HOT SHOPPE: I wrote about this the other day, so I won’t wax too nostalgic again about this again. But this restaurant hewed to the once popular cafeteria concept. Push your tray along a stationary conveyor track and watch the workers fill your plate. Probably a bit more sanitary than the trough buffets now popular.
THE COOKER: My grandpa took us to this restaurant several times when I was a teenager. It was one of his more upscale choices. Alas, the restaurant did not survive.
There are others that I miss that once made their mark on their culinary landscape of America. Does anyone remember Kenny Rogers Roasters chicken? It really was pretty good chicken! And the old-time ice-cream parlor chain, Farrells? I could go on and on. Like the restaurants, my Grandma and Grandpa Williams are gone but not forgotten. Forrest Williams was a kind, gentle man who was from the old school generation of not saying much, working hard, and being very proud of his family. He was a man who said a lot by not saying a lot. Later in life he spent winters in Venice, Florida and he was so excited when the nearby Bradenton Herald picked up The Amish Cook column. He would sometimes drive the 40 miles to Manatee just to pick up a copy. I find myself missing him more with the passage of time. My Grandpa passed away at age 81 on a cold. snowy December day much like this one, some 14 years ago. He outlasted Grandma Williams by almost 10 years. Maybe I'll head to Kroger to find a Bill Knapp's cake and indulge in some memories and a toast to my Grandpa, but it won't be quite the same....
brenda
Kevin my only complaint is that the math sign in captcha keeps getting smaller haaha
This was so sweet and a clear example of how food and our family can be so intertwined . Your Grandpa Williams sounds quietly supportive of your journey with the Amish Cook.
Loretta Shumpert
Oh, yes, Kenny Rogers Roasters did have some good chicken, I also liked the sides that went with them. I hated to see them close.
I don't know if you ever had a Po Folks resturant, it was a chain resturant, owned by Bill Anderson and others. A meat and three type of place.

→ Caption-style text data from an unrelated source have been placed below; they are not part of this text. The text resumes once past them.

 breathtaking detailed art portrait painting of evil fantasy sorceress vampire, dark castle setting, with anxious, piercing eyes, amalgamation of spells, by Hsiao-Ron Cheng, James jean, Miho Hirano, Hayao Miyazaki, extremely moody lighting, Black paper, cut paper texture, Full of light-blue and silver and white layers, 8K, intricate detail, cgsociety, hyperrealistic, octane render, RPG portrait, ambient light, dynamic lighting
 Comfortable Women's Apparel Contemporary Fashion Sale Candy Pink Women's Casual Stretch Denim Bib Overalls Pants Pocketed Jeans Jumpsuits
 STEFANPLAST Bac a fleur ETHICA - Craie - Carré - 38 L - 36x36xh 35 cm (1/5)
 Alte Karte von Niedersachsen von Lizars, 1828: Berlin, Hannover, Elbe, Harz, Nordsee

Everybody really hated when they closed.
farmhousebarb
Kevin,you were a cutie!! Oddly enough,I have never heard of any of those eateries. There weren't any around here..there still aren't any chains close by. I guess we don't have the population to support them. It is sad,however that so many businesses have died over the years. I like what you said about thinking on your grandparents..it always makes you feel connected. I go back from time to time and remember dinners and holidays with grandparents,parents,and siblings now gone.It is bittersweet,but a part of life. Ah,memories.....
dynnamae
Good Morning Kevin. How cute you are in that photo and grandpa was a handsome man too. Where I grew up in lower MI, I only knew of Bill Knapp's. I did get taken there a few times but not enough to remember the details. Our family was not one that ate out alot. Most of my food memories are from home cooking and sometimes tied into seasons or events. But, you are so right about the connection with food and memories. I have found out some food memories are best left as a memory. When we try the food from childhood, and find out we don't enjoy it as an adult, like we did as kids. And the foods we ate too much of as kids and refuse to eat as adults. I bet we all have some of those memories too. So enjoyed reading about you and your grandparents. We always miss the ones who are gone but they are always in our hearts and memories.
Barb
We had a Kenny Rogers in Frederick Maryland back in the 90's. They had great mac & cheese, and it was a place to take the kids where they actually like everything!
Kevin
Ah, Barb, I miss that place...I forgot about the yummy mac and cheese!